YOUR ASSIGNMENT –
Word for word, restate the lines of the listing from the one that holds "Vardagsrum|Bänkar|Reforma Träbänk 'Barcelona'" through the very last line, and nothing more.
====== THE DATA
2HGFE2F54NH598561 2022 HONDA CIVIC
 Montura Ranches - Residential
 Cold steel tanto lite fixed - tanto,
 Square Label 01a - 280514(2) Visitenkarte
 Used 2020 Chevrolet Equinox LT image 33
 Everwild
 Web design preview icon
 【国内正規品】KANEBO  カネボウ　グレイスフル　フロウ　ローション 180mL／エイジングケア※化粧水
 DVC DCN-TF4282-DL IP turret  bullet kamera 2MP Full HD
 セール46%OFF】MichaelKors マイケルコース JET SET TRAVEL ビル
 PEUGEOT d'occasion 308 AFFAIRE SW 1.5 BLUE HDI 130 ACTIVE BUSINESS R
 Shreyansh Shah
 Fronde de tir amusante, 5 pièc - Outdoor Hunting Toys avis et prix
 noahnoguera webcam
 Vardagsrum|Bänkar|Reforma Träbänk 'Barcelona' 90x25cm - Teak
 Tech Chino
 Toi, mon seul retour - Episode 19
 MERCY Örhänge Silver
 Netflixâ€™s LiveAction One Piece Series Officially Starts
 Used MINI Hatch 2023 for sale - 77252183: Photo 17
============
RESULT OF THE TASK –
 Vardagsrum|Bänkar|Reforma Träbänk 'Barcelona' 90x25cm - Teak
 Tech Chino
 Toi, mon seul retour - Episode 19
 MERCY Örhänge Silver
 Netflixâ€™s LiveAction One Piece Series Officially Starts
 Used MINI Hatch 2023 for sale - 77252183: Photo 17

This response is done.